Define Supplementary Angles.

Answer 1

Hint: We recall the definition of the supplementary angles which is a pair of angles whose sum of measures is equal to the measure of a straight angle or $180{}^\circ $. The two supplementary angles may be subtended on a straight line or may exist separately. \[\]

Complete step-by-step answer:
We know that the measure of an angle is the amount of rotation taken in an anti-clockwise direction . Let us take two lines $AB$ and $CD$ intersect each other at the point $O.$\[\]
 

We observe that we have obtained four angles $\angle AOC,\angle BOC,\angle AOD,\angle BOD$ . We know that a straight angle is an angle on a straight line. A straight angle is always measured as ${{180}^{\circ }}$. We have a pair of straight angles above and below the line $AB$ which is $\angle AOB={{180}^{\circ }}$. Similarly we have two straight angles on both left and right side of the straight line $CD$ which is $\angle COD={{180}^{\circ }}$.
We observe angles subtended by ray $\overrightarrow{OC}$ above the line $AB$ whose sum is $\angle AOB$ and angles subtended by the ray $\overrightarrow{OD}$ below the line $AB$ whose sum is also $\angle AOB$. We have
\[\begin{align}
  & \angle AOC+\angle BOC=\angle AOB={{180}^{\circ }} \\
 & \angle AOD+\angle BOD=\angle AOB={{180}^{\circ }} \\
\end{align}\]
So the pair of angles $\angle AOC,\angle BOC$ and the pair of angles $\angle AOD,\angle BOD$ are supplementary angles. We also have angles subtended by ray $\overrightarrow{OA}$ on the left side of the line $CD$ whose sum is $\angle COD$ and angles subtended by the ray $\overrightarrow{OB}$ on the right side of the line $CD$ whose sum is also $\angle COD$. We have

\[\begin{align}
  & \angle AOC+\angle AOD=\angle COD={{180}^{\circ }} \\
 & \angle BOC+\angle BOD=\angle COD={{180}^{\circ }} \\
\end{align}\]
So the pair of angles $\angle AOC,\angle AOD $ and the pair of angles $\angle BOC,\angle BOD$ are supplementary angles. The supplementary angles can also exist not subtended on a straight line. \[\]
 

The above angles $\angle AOB,\angle CPD$ are not subtended on straight line but they are supplementary angles because $\angle AOB+\angle CPD={{30}^{\circ }}+{{150}^{\circ }}={{180}^{\circ }}$\[\]

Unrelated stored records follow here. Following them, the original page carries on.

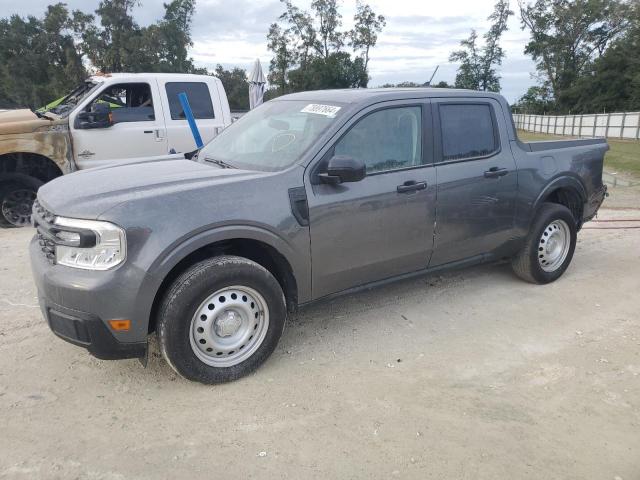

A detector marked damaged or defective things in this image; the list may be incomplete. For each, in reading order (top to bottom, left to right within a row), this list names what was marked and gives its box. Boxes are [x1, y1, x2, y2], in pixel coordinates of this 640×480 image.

damaged white truck [0, 72, 232, 227]
burned vehicle [30, 88, 608, 384]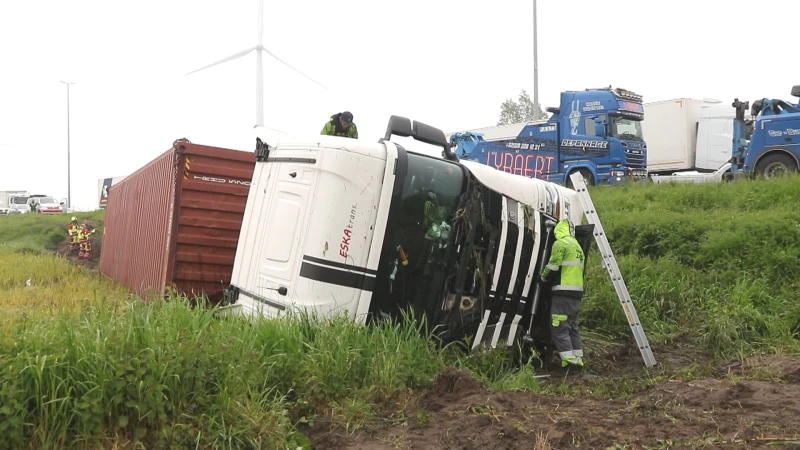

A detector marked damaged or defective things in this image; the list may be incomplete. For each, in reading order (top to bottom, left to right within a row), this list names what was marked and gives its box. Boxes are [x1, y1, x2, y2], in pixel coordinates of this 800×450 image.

red container rust streak [99, 141, 256, 302]
crushed truck cab [223, 117, 592, 356]
overturned white truck [219, 116, 600, 362]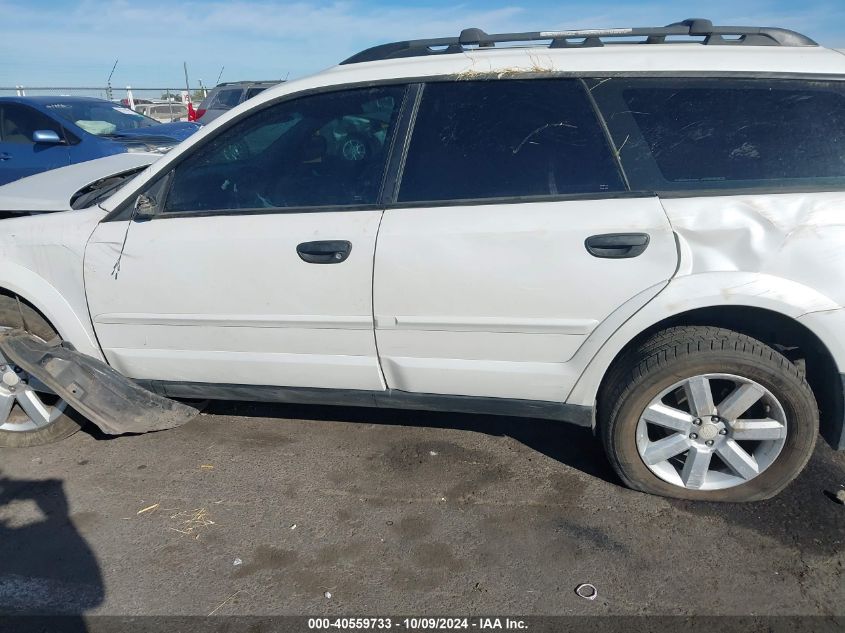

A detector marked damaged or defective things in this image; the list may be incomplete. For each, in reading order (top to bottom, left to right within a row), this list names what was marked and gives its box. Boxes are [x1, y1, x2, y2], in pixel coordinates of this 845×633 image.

Note: We note that supplementary angles are different from complementary angles which are a pair of angles whose sum of measure is a measurement of a right angle which is ${{90}^{\circ }}$. The sum of two supplementary angles in radian in $\pi .$ Some well known examples of supplementary angles are the adjacent angles of a parallelogram, co-interior angles, the opposite angles of a quadrilateral inscribed in a circle etc.